*Source data*.
☆ ☆ ☆ ☆ ☆

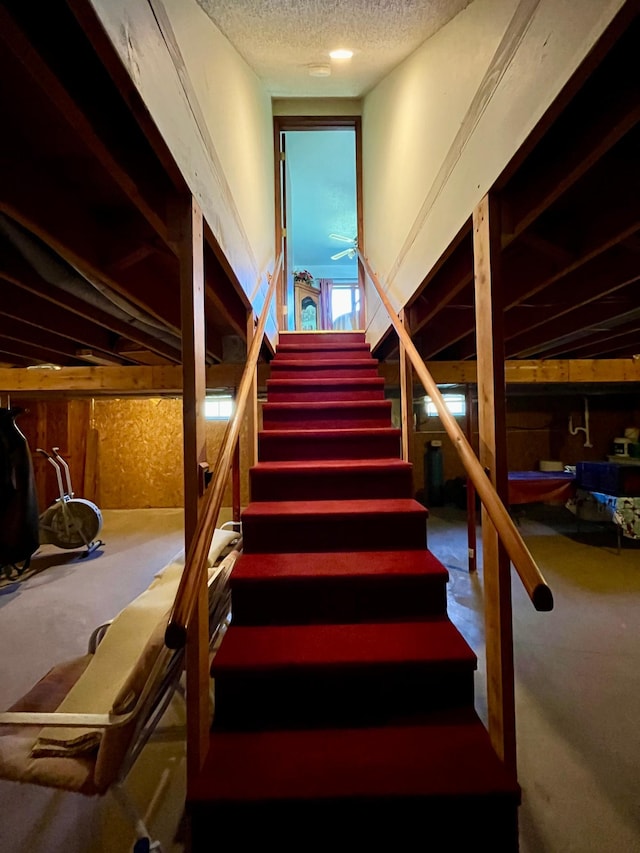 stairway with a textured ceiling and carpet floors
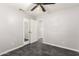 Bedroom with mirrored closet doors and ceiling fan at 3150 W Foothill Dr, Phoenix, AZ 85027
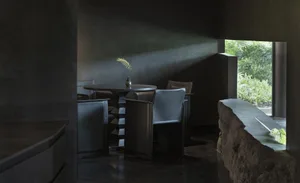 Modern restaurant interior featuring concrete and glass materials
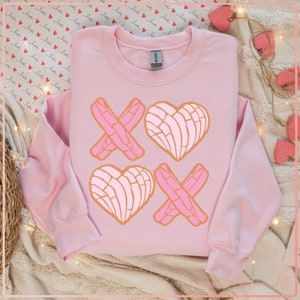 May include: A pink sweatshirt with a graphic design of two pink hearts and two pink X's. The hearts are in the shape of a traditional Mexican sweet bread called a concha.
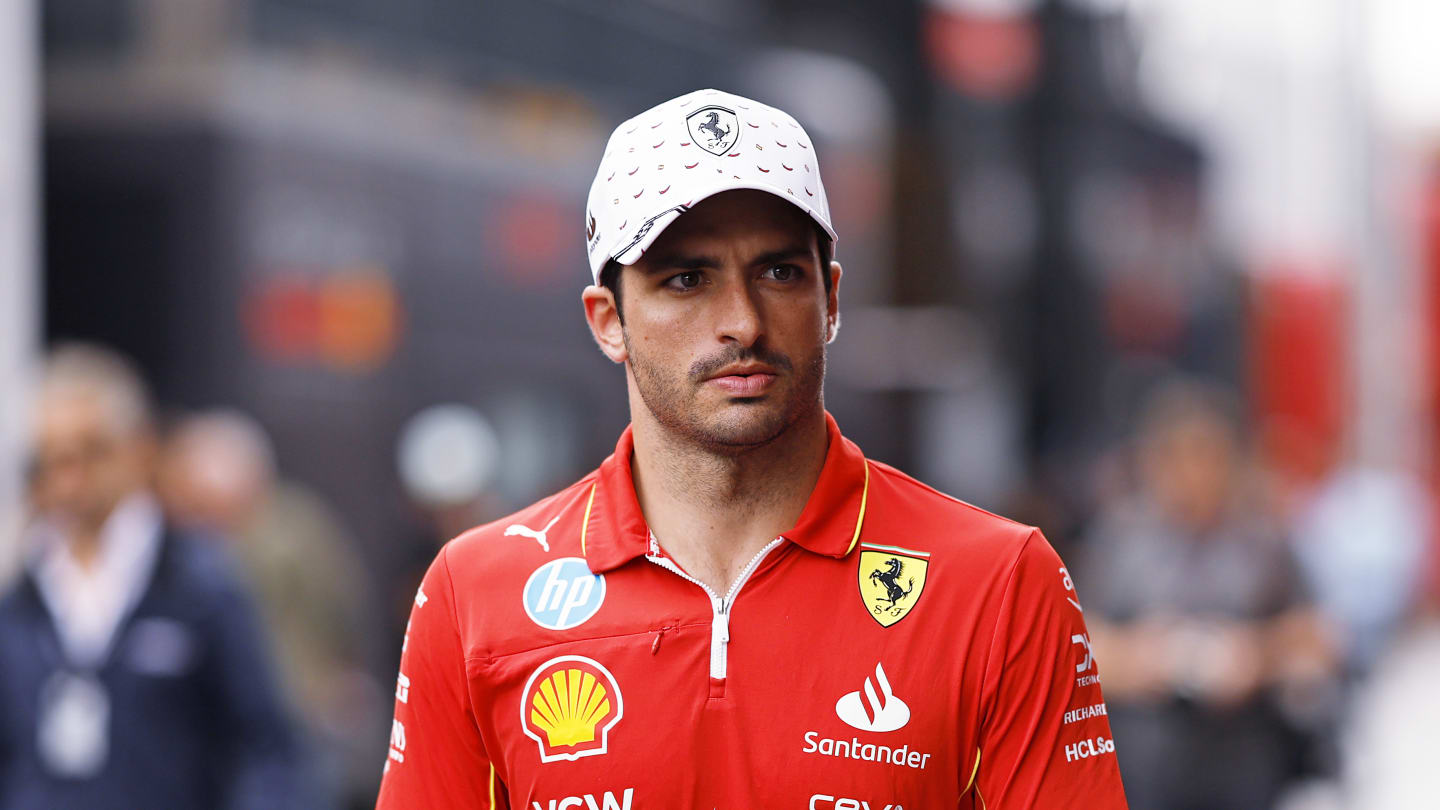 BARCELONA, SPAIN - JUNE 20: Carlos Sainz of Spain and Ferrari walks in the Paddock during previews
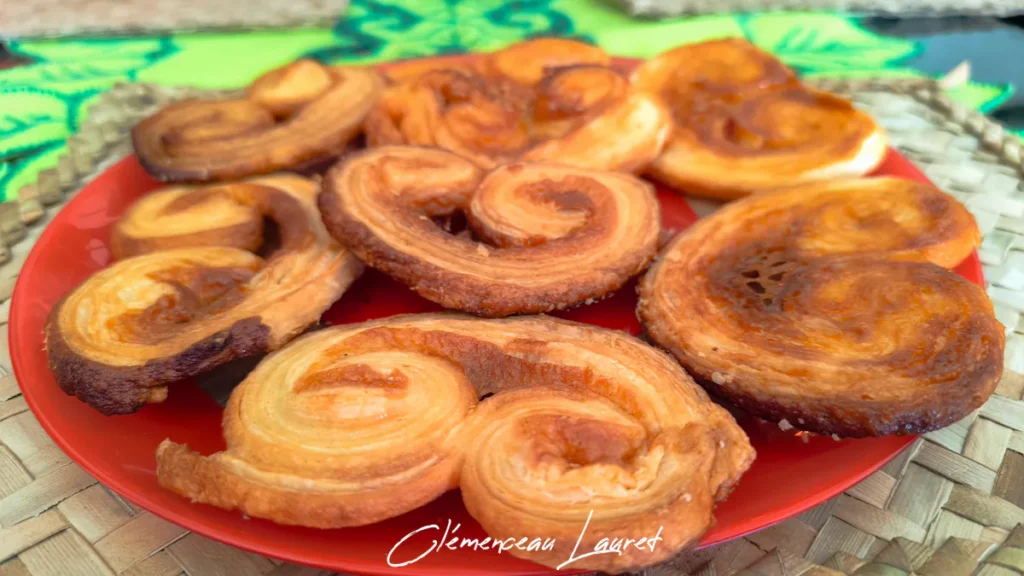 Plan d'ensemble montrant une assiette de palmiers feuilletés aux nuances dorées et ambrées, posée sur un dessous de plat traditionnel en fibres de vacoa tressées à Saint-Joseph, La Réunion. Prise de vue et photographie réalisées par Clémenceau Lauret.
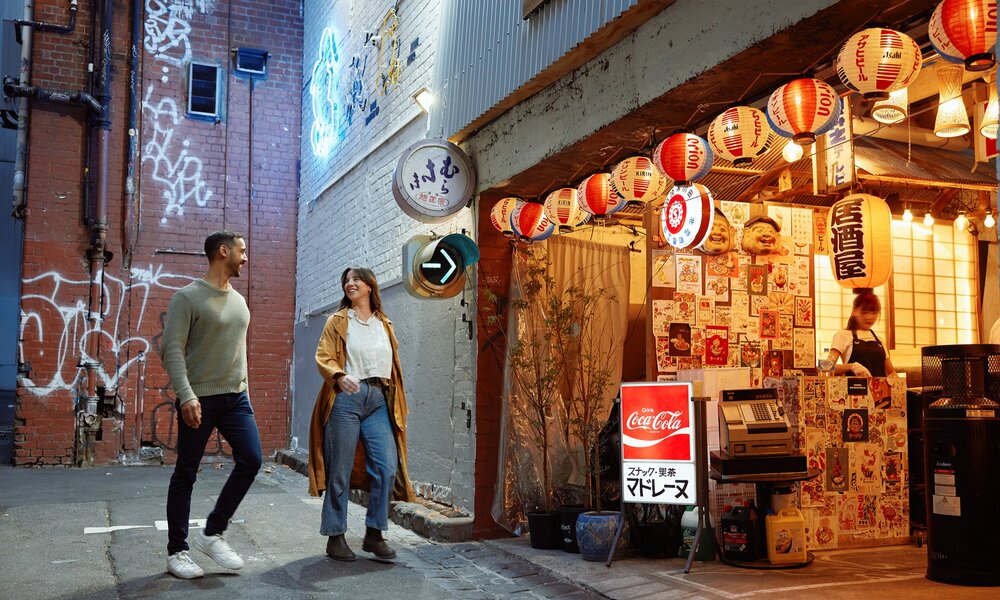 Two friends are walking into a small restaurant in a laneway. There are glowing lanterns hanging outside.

☆ ☆ ☆ ☆ ☆

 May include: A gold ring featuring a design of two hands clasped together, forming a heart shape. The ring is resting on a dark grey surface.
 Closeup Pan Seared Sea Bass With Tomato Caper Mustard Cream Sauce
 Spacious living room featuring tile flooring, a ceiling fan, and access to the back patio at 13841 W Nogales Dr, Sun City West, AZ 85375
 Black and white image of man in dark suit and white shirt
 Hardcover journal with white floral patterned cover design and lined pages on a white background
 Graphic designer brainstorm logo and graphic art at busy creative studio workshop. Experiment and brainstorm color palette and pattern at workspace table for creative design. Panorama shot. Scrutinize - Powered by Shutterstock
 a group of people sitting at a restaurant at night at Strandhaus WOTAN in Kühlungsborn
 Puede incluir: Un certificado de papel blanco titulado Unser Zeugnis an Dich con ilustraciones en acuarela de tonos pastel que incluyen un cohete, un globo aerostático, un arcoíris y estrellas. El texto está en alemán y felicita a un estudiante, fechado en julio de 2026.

☆ ☆ ☆ ☆ ☆

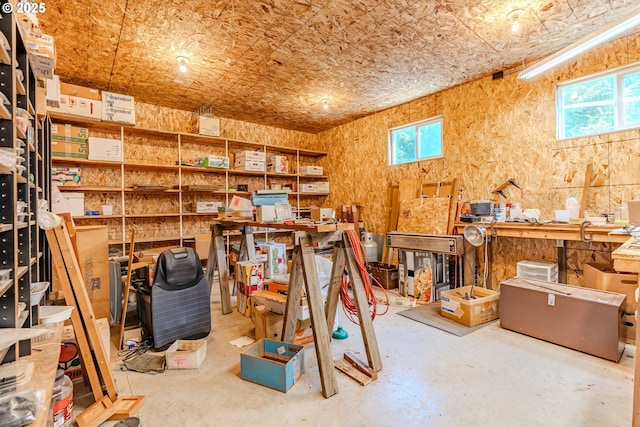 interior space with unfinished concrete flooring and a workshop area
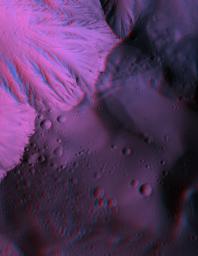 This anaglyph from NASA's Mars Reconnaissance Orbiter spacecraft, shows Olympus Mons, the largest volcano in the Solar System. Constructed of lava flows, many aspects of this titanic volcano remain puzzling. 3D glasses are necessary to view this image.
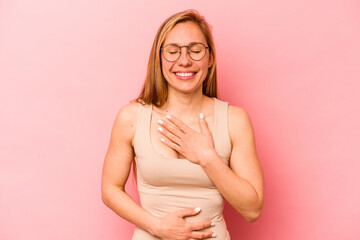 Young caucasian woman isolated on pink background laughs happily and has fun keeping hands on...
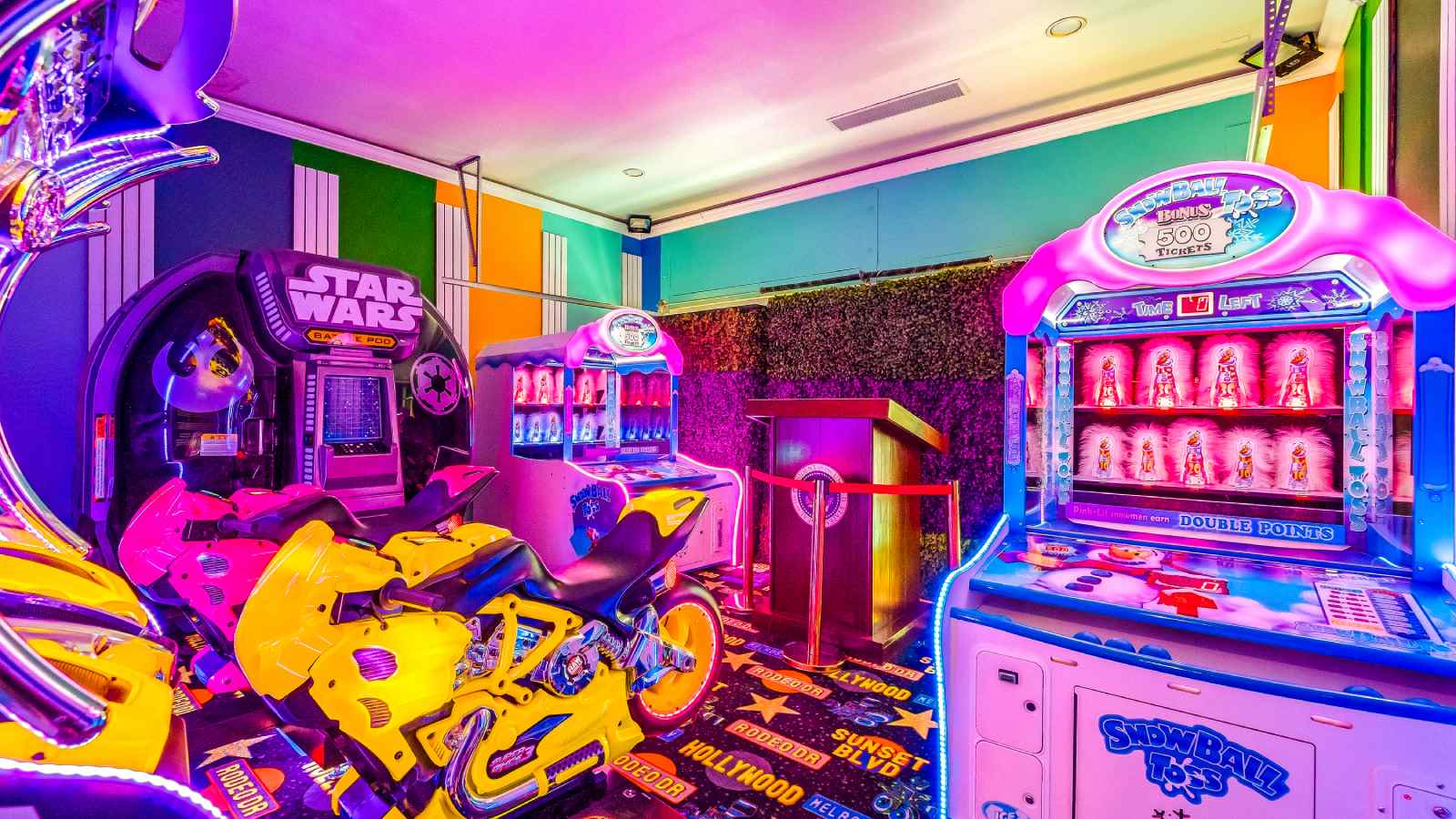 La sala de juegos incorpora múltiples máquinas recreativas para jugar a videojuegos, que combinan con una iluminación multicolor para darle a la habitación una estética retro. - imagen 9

☆ ☆ ☆ ☆ ☆

*Exercise*. Range to copy from the records above: the line containing "stairway with a" to the line containing "Two friends are", both included. Output those lines exactly and only those, skipping pictures.

*Your response*.
 stairway with a textured ceiling and carpet floors
 Bedroom with mirrored closet doors and ceiling fan at 3150 W Foothill Dr, Phoenix, AZ 85027
 Modern restaurant interior featuring concrete and glass materials
 May include: A pink sweatshirt with a graphic design of two pink hearts and two pink X's. The hearts are in the shape of a traditional Mexican sweet bread called a concha.
 BARCELONA, SPAIN - JUNE 20: Carlos Sainz of Spain and Ferrari walks in the Paddock during previews
 Plan d'ensemble montrant une assiette de palmiers feuilletés aux nuances dorées et ambrées, posée sur un dessous de plat traditionnel en fibres de vacoa tressées à Saint-Joseph, La Réunion. Prise de vue et photographie réalisées par Clémenceau Lauret.
 Two friends are walking into a small restaurant in a laneway. There are glowing lanterns hanging outside.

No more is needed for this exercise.